January 14, 2010
"One should ask: 'Can nonviolence work in Pakistan? Can nonviolence work in Kashmir? In Sri Lanka?'" Gandhi said. And in the conflict between Israelis and Palestinians, "whether nonviolence will work or not, we do not know," he said, adding: "Violence has not worked."
Professor Gandhi described nonviolence as a position of strength in the fight against inequality and injustice. "Nonviolence means love and yet something more ... love might suggest an absence of struggle," he said about Gandhi's choice of the term.
Assuming such a stance in America today would translate in several ways: understanding that what affects one directly affects all indirectly, for instance, and recognizing that the loss of a Pakistani life can be as anguishing to families and communities as the loss of an American life.
Professor Gandhi traced the historical formation of Gandhi's strategy: Gandhi's vision was molded in two arenas. The first was Gandhi's encounters with works of literature as he was profoundly affected by writers like Leo Tolstoy and Henry David Thoreau. One particular work that significantly resonated in Gandhi's life was Thoreau's essay "On the Duty of Civil Disobedience." The second was Gandhi's personal experience with social injustice, racism, and prejudice, such as being barred from hotels in South Africa in the 1890s.

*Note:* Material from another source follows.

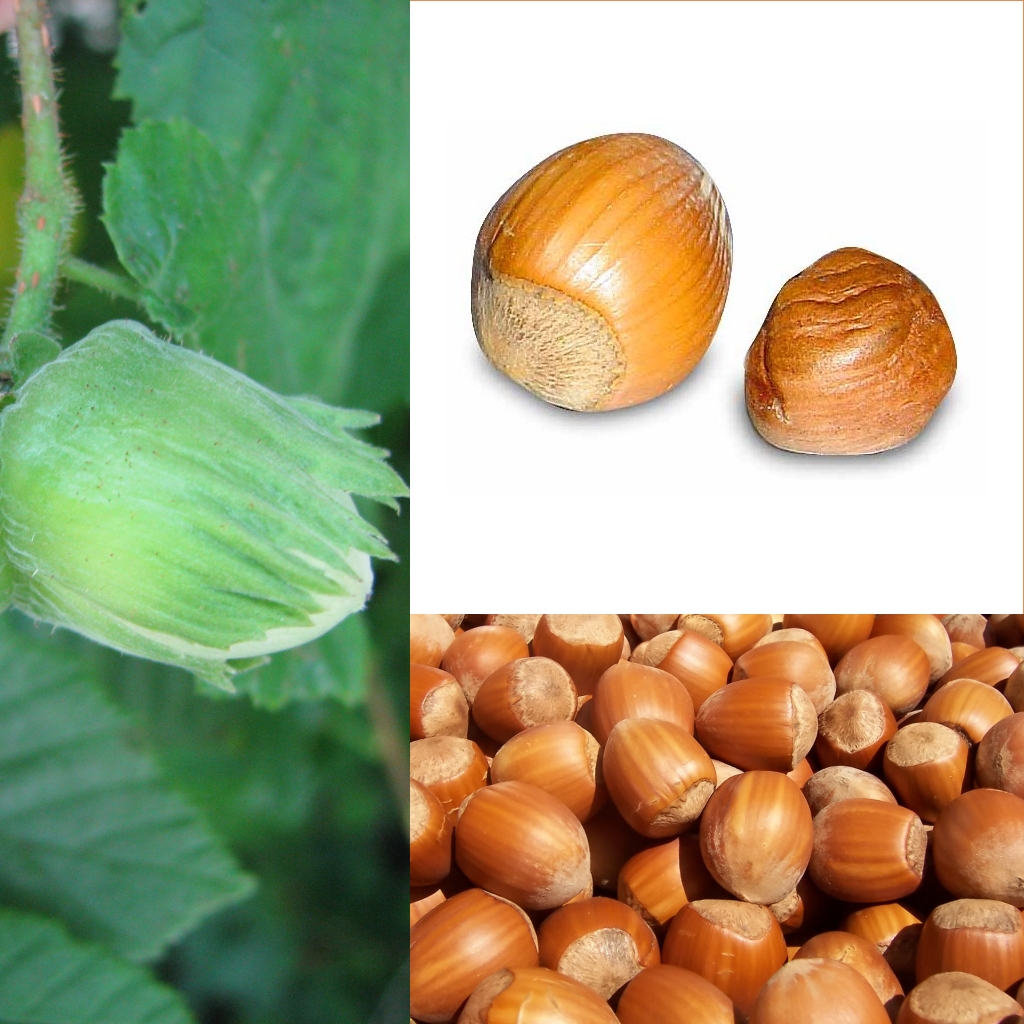 Frutos verdes en desarrollo del avellano envueltos por el involucro foliar verde (involucro)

One of these incidences began Gandhi's partnership and cooperation with African Americans, when an African American helped Gandhi find a hotel room. Another expression of this relationship is the fact that the reporter who elicited Gandhi's famous statement, "My life is my message," was African American.

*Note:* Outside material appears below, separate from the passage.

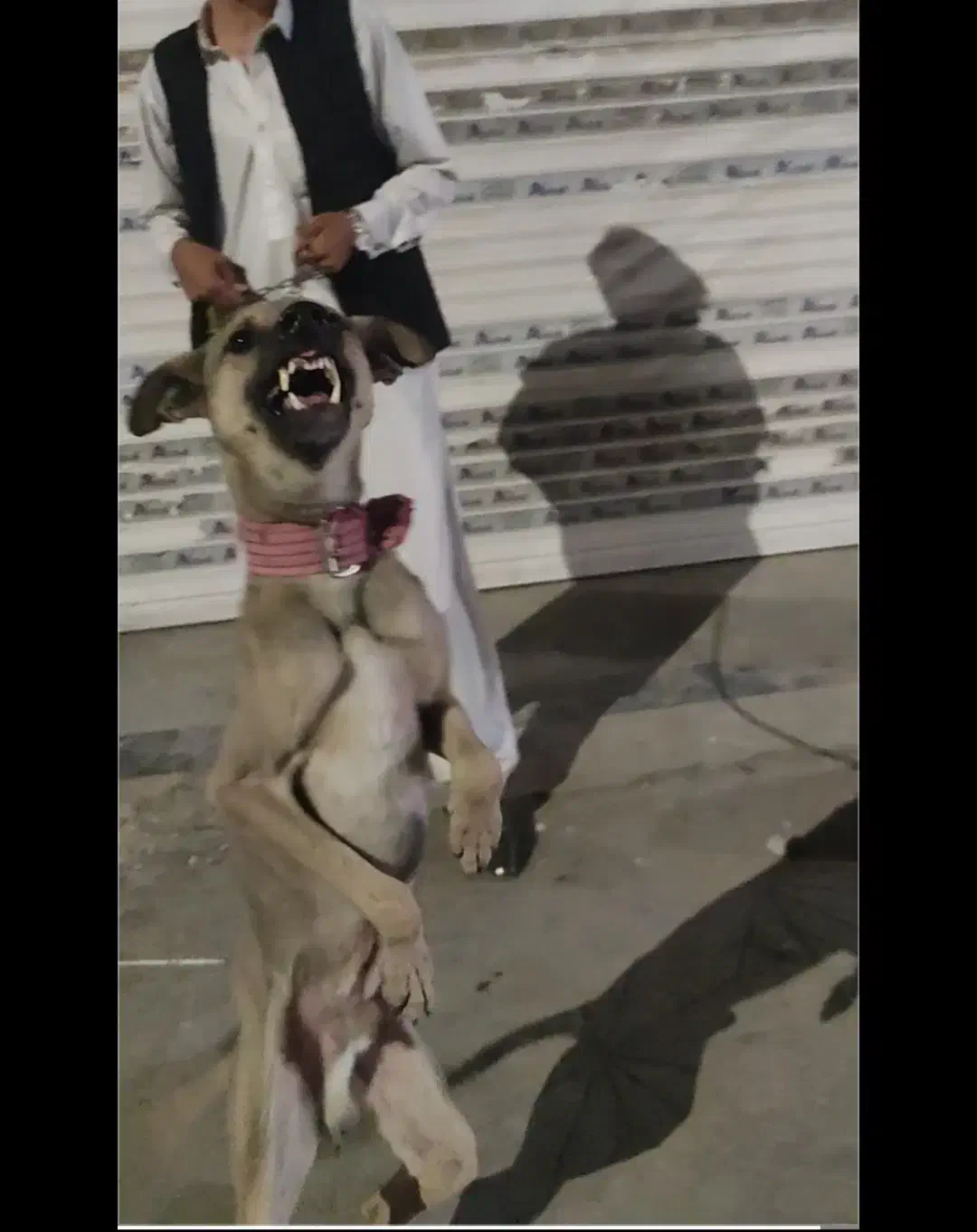 سگ نگهبان نر|سگ|ایرانشهر, |دیوار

On September 11, 1906, Gandhi applied his approach for the first time in Johannesburg when he urged Indians to defy a new act passed by the Transvaal government through nonviolent protest.

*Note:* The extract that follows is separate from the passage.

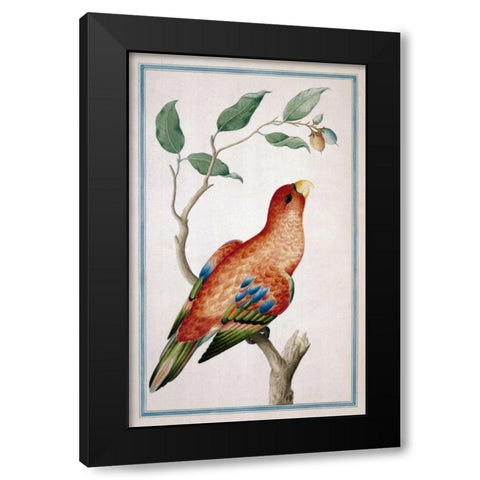 Lory, Right facing Black Modern Wood Framed Art Print by De Bevere, Pieter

Through the following decades, although Gandhi and King primarily fought for equality, they differed in the power dynamics they encountered: While in India, Gandhi was fighting with a majority against the armed British minority; King was leading a dispossessed minority against a majority, said Professor Gandhi.
But the discourse of nonviolent means does not end with Gandhi or King; rather, it is a perpetual strategy that should be used to resolve disputes in today's global society, one example being the tensions escalating in Muslim countries.
"There wasn't sufficient dialogue with the Muslim World (post 9/11)," said Professor Gandhi. Muslim countries must not be lumped in one category because "they are all very different worlds." Gandhi and King would have denounced the ways in which Muslims are looked at as intrinsically terrorists and Islam as a "uniquely flawed religion." People who do not denounce such a state of affairs are blinded by fear or hate, he said.
What happens when non-violent means are used against a severely violent situation, like that in Nazi Germany? Professor Gandhi spoke of the peaceful protests that were organized at the time: "Did they solve the problem? No, but did they make a difference? Yes." He added, "We must still try."
Such effort should not be limited in its scope. Rather, it should cover a wide array of shared struggles in the same way that Gandhi's fight was not merely confined to that of Indians' resistance to attain independence; Gandhi's struggle against racism was of universal significance. It was "a spiritual as well as a political exercise," said Professor Gandhi.
Rajmohan Gandhi is a professor at the University of Illinois at Urbana-Champaign and author of works including his 2007 biography of his grandfather, Gandhi: The Man, his People, and the Empire, which was chosen for the prestigious National Biennial Barpujari Prize of the Indian History Congress, given once in two years for an outstanding work of history.